Doing what it does best
KEITH Pitt announcing $66 million to upgrade the modelling for the Murray-Darling Basin Plan, that was supposed to deliver a triple bottom line. Environmental, economic and social and so far it has destroyed environments for the farmers in the Goulburn Murray irrigation area and southern NSW area, a total economic disaster, as for social, ask yourself if trading water for profit is socially acceptable.
By now most of the people that voted for the National Party in the past have woken up that the Murray-Darling Basin Plan was specifically designed to make water a commodity to enable it to be traded on the Stock Exchange and it is working perfectly.
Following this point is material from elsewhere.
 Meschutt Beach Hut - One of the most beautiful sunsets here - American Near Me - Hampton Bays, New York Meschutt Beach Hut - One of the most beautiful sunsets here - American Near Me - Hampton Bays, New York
So again, the National Party is doing what it does best, wasting the taxpayers’ money.
The first question that everyone in irrigation areas should ask is. What the hell are you going to do with all this supposed environmental water? You won’t get an answer from the politician, so I will save them the embarrassment.
Sell it back to the surviving peasant farmers who used to vote for the National Party at the highest possible price to make profits for their investor mates.
The second question: Why is there a shortage of water? I will be happy to give the answer to anyone who hasn’t worked it out for themselves yet.
Russell Crichton,
Cohuna
Winners against losers
OH, how different we see the reactions from our Canberra bubble when they have the problem, instead of dictating to others who they see as being the problem.
The bureaucracy looks on the severity of the problem in a totally different light, and the weak politicians seeking nothing other than re-election react accordingly.
This week we learn that Canberra’s sewerage treatment plan has released effluent into the Molonglo River, which joins the Murrumbidgee River and feeds numerous regional communities.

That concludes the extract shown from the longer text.